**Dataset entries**
[Start of section]
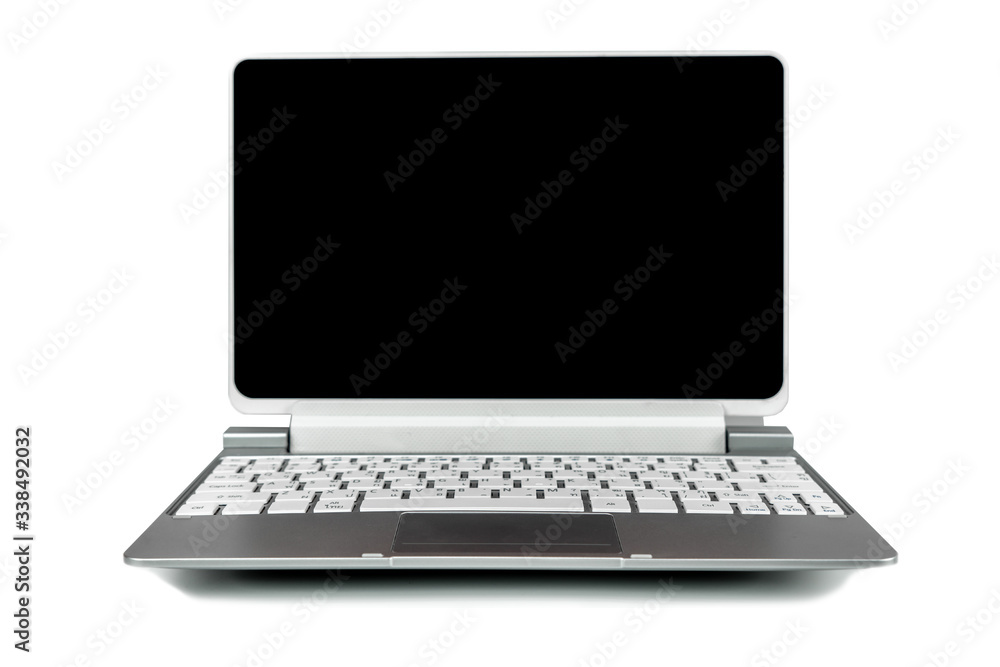 Laptop with black screen on isolated white. Object for technology Laptop with black screen on isolated white. Object for technology
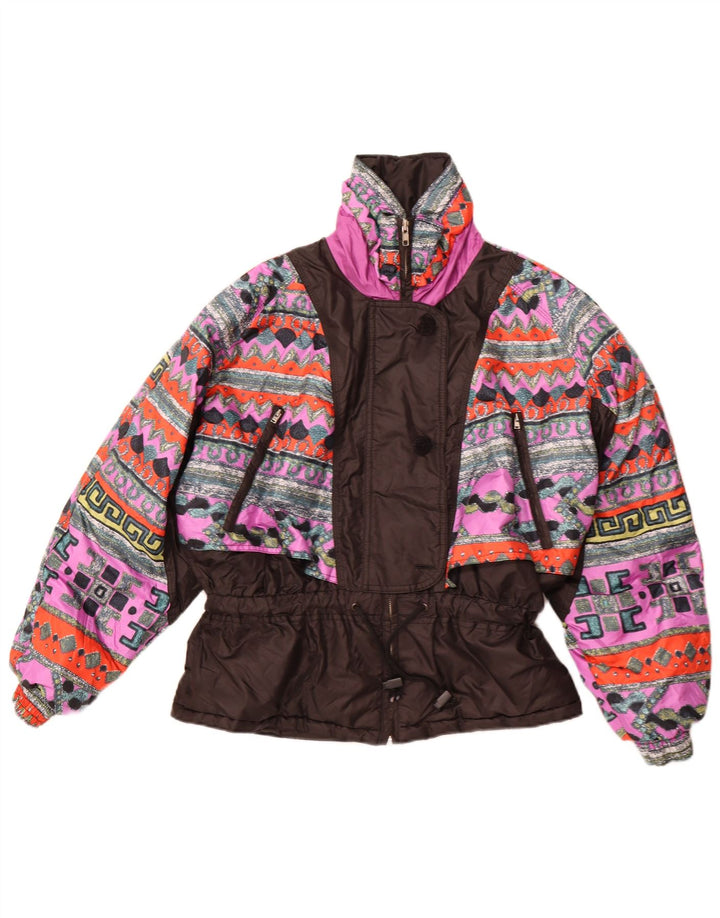 Giacca a vento da donna vintage EU 42 Grande poliestere geometrico nero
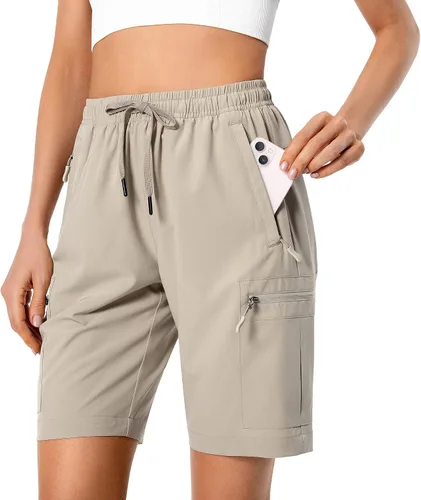 Pantalones cortos tipo cargo deportivos ligeros para mujer, de secado rápido, para campismo, viajes, golf, con bolsillos con cierre, resistentes al
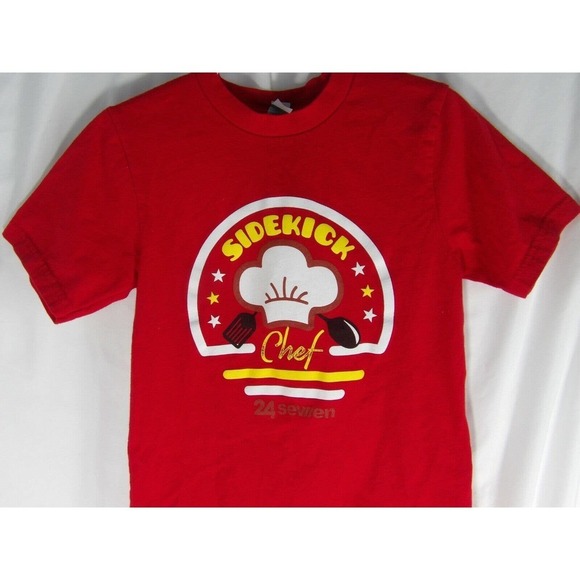Next Level Apparel Youth Boys Red Sidekick Chef Crew Neck Pullover T Shirt Sz XS - Picture 2 of 5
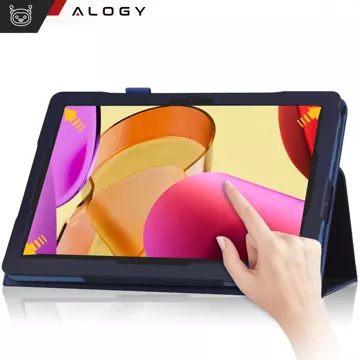 Etui + Szkło do Lenovo Tab M11 10.95" TB330FU/TB330XU/TB331FC stojak pokrowiec obudowa z klapką na tablet Case Alogy Granatowe + Rysik Gratis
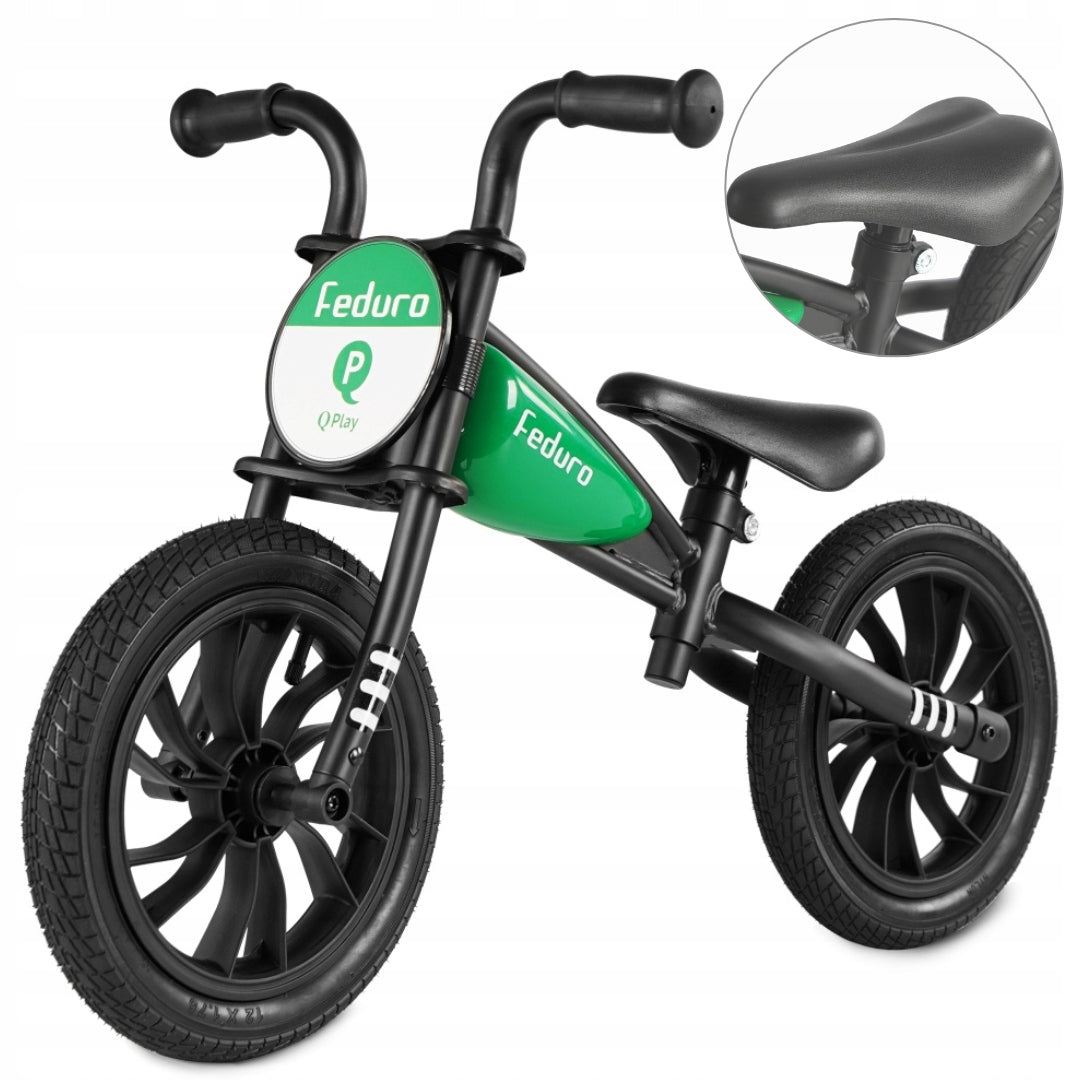 Children's balance bike pumped wheels 12" Feduro Green Qplay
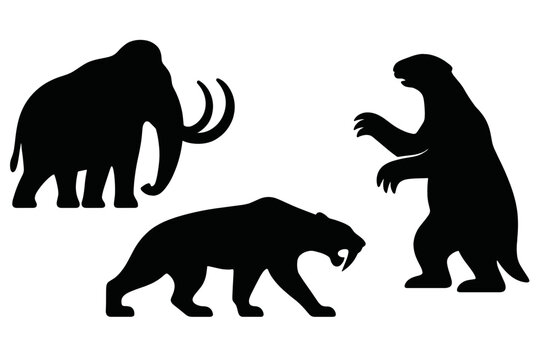 Silhouettes of extinct prehistoric megafauna animals including mammoth and saber toothed cat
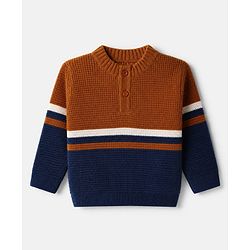 Babyhug Knit Full Sleeves Sweater Set with Color Block Design - Navy Blue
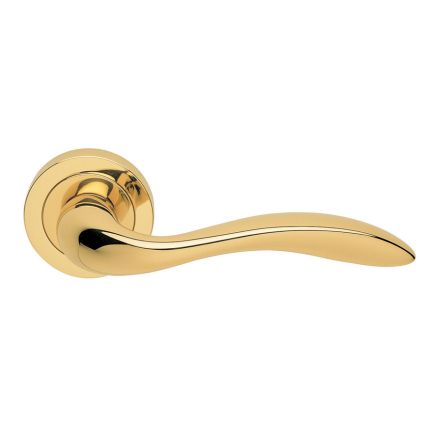 Giava Lever On Round Rose  - Polished Brass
[End of section]
**EXERCISE INSTRUCTIONS**
Pictures aside, retype all of the entries word for word.

**SOLVED EXERCISE**
 Laptop with black screen on isolated white. Object for technology Laptop with black screen on isolated white. Object for technology
 Giacca a vento da donna vintage EU 42 Grande poliestere geometrico nero
 Pantalones cortos tipo cargo deportivos ligeros para mujer, de secado rápido, para campismo, viajes, golf, con bolsillos con cierre, resistentes al
Next Level Apparel Youth Boys Red Sidekick Chef Crew Neck Pullover T Shirt Sz XS - Picture 2 of 5
 Etui + Szkło do Lenovo Tab M11 10.95" TB330FU/TB330XU/TB331FC stojak pokrowiec obudowa z klapką na tablet Case Alogy Granatowe + Rysik Gratis
 Children's balance bike pumped wheels 12" Feduro Green Qplay
 Silhouettes of extinct prehistoric megafauna animals including mammoth and saber toothed cat
 Babyhug Knit Full Sleeves Sweater Set with Color Block Design - Navy Blue
 Giava Lever On Round Rose  - Polished Brass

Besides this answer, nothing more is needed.